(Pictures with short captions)

====

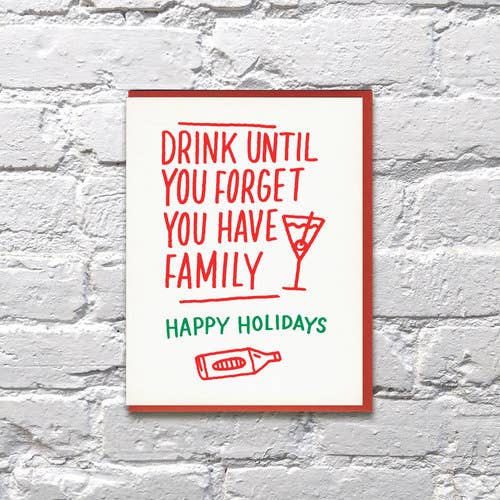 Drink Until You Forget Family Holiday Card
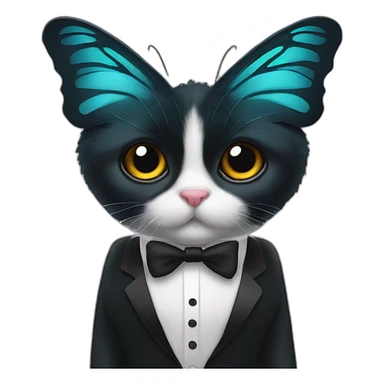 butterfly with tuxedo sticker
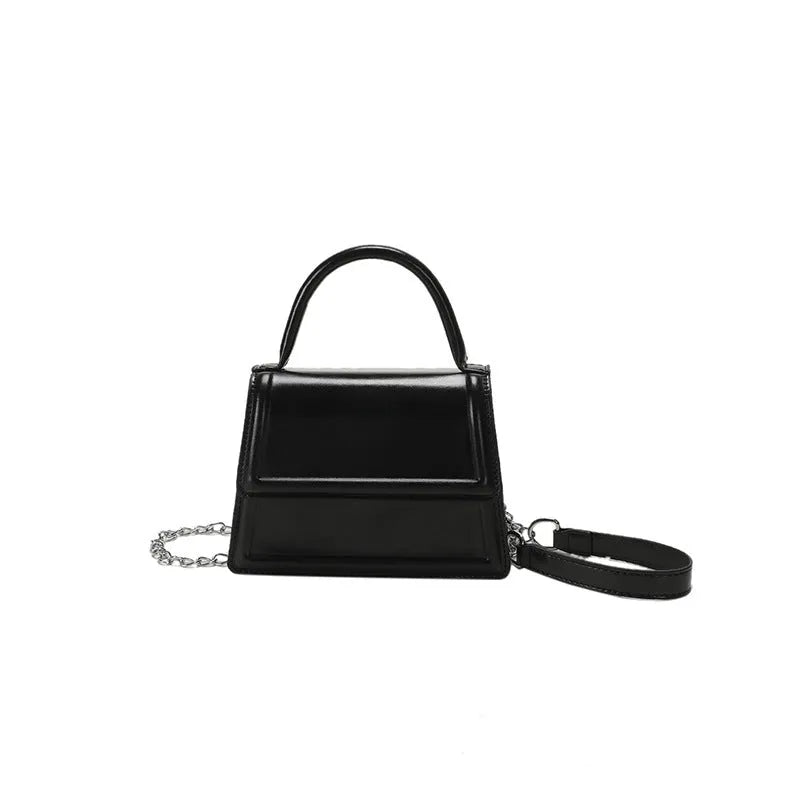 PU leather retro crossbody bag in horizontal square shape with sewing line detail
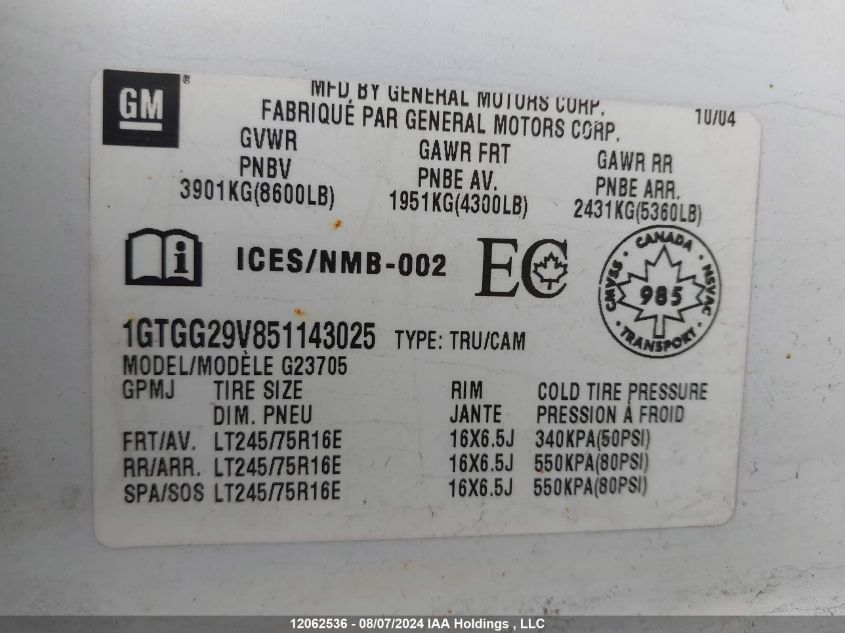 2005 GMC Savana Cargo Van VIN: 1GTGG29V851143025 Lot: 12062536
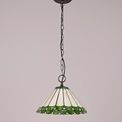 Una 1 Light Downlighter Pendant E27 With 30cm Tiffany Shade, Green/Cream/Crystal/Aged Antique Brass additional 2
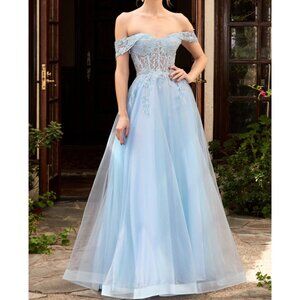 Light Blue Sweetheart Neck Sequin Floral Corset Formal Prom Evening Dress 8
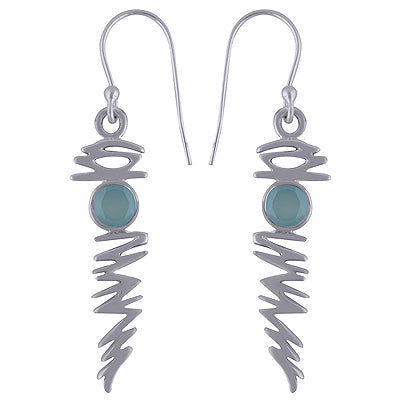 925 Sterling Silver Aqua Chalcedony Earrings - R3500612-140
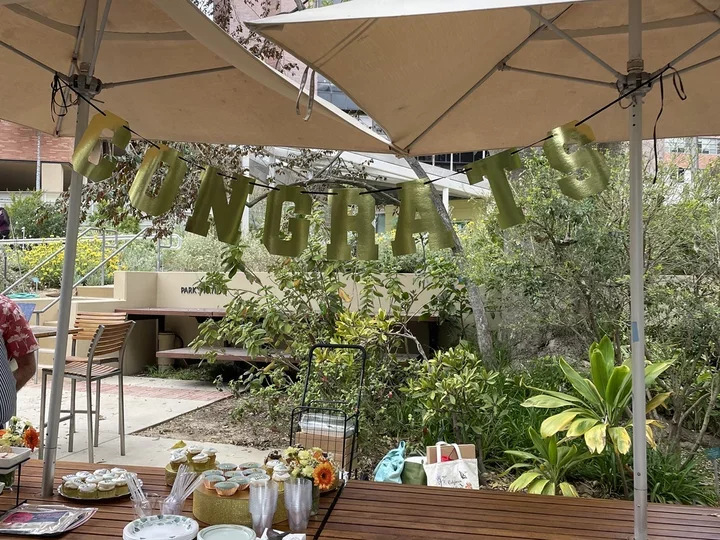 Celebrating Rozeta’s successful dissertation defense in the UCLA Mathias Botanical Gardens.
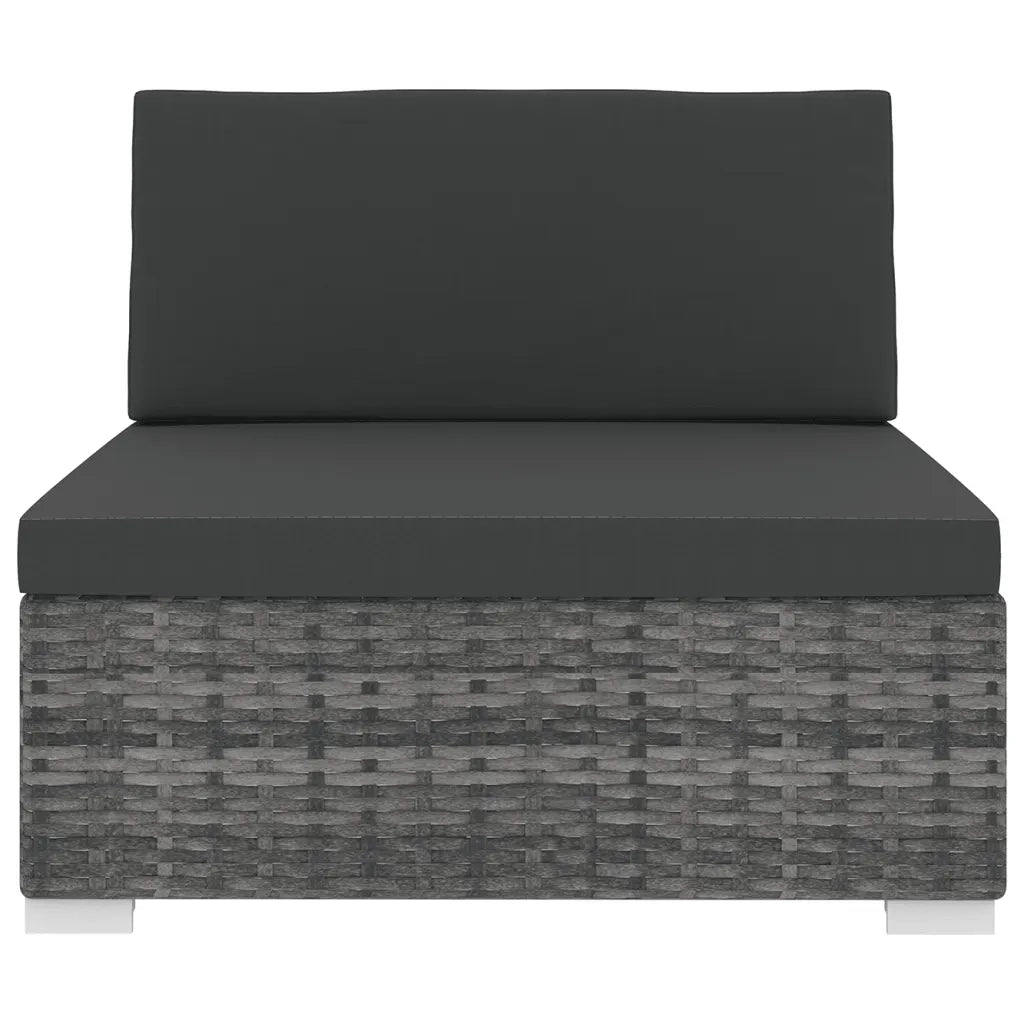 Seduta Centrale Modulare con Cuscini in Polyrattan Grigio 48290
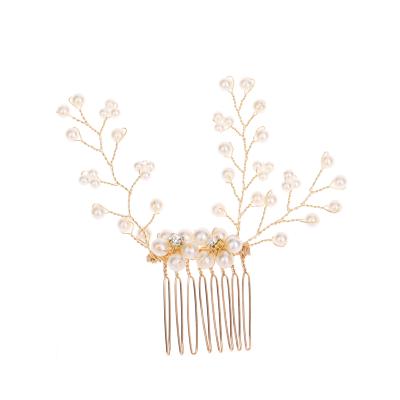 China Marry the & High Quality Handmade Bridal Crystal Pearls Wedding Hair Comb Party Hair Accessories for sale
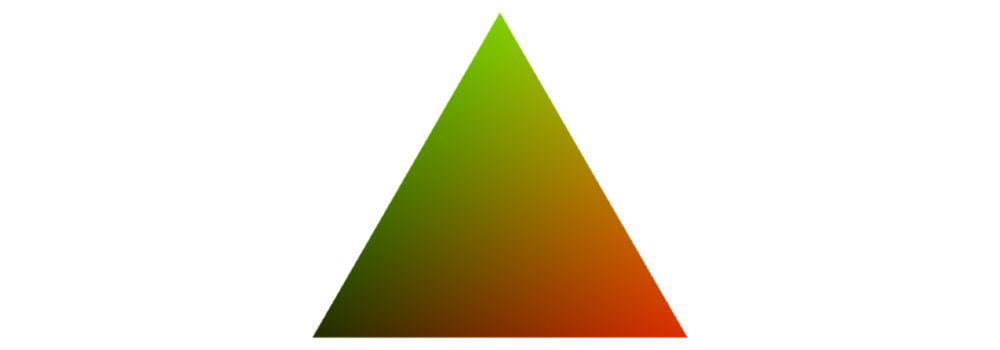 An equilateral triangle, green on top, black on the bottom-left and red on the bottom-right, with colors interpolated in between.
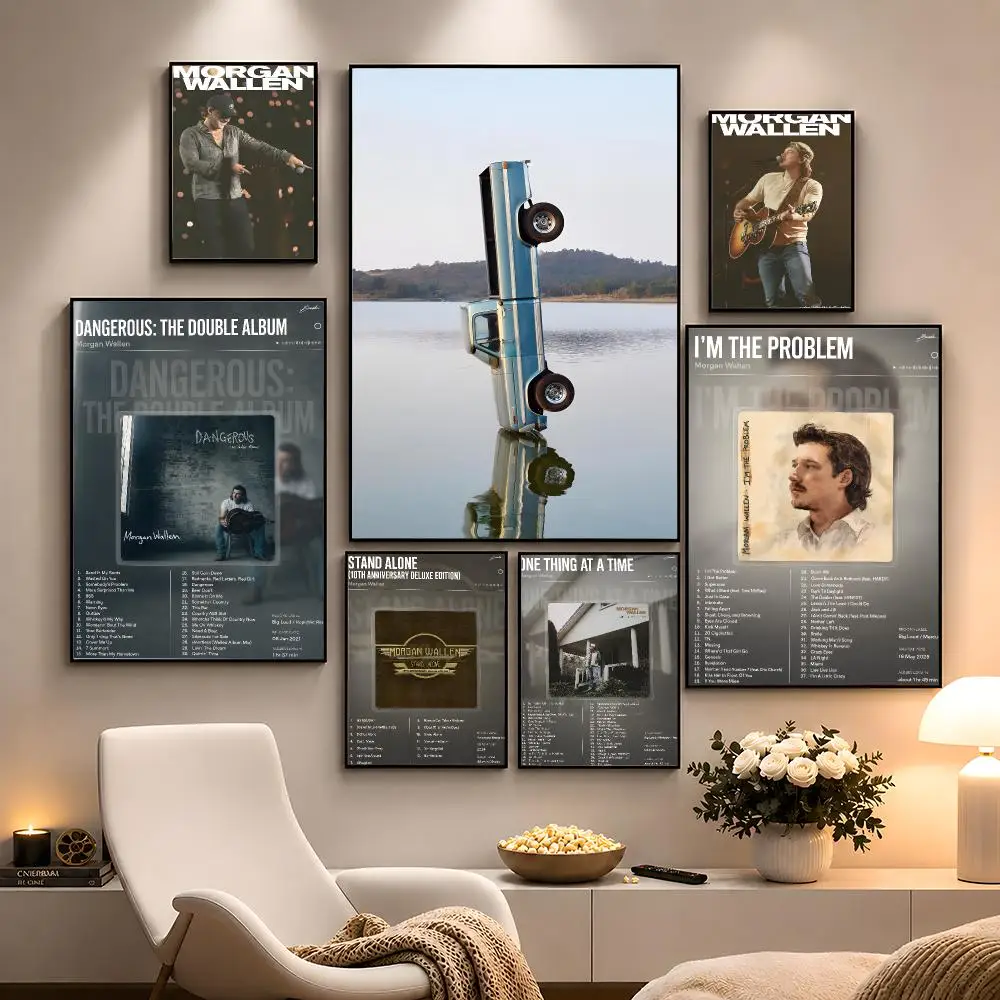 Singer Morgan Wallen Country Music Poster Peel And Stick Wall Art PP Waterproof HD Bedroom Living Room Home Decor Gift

====

*WORK TO BE COMPLETED*: With the pictures removed from your copy, retype the lines above from the one that contains "PU leather retro" through the one that contains "Una 1 Light", exactly.

*SOLUTION TO THIS EXERCISE*:
 PU leather retro crossbody bag in horizontal square shape with sewing line detail
 2005 GMC Savana Cargo Van VIN: 1GTGG29V851143025 Lot: 12062536
 Una 1 Light Downlighter Pendant E27 With 30cm Tiffany Shade, Green/Cream/Crystal/Aged Antique Brass additional 2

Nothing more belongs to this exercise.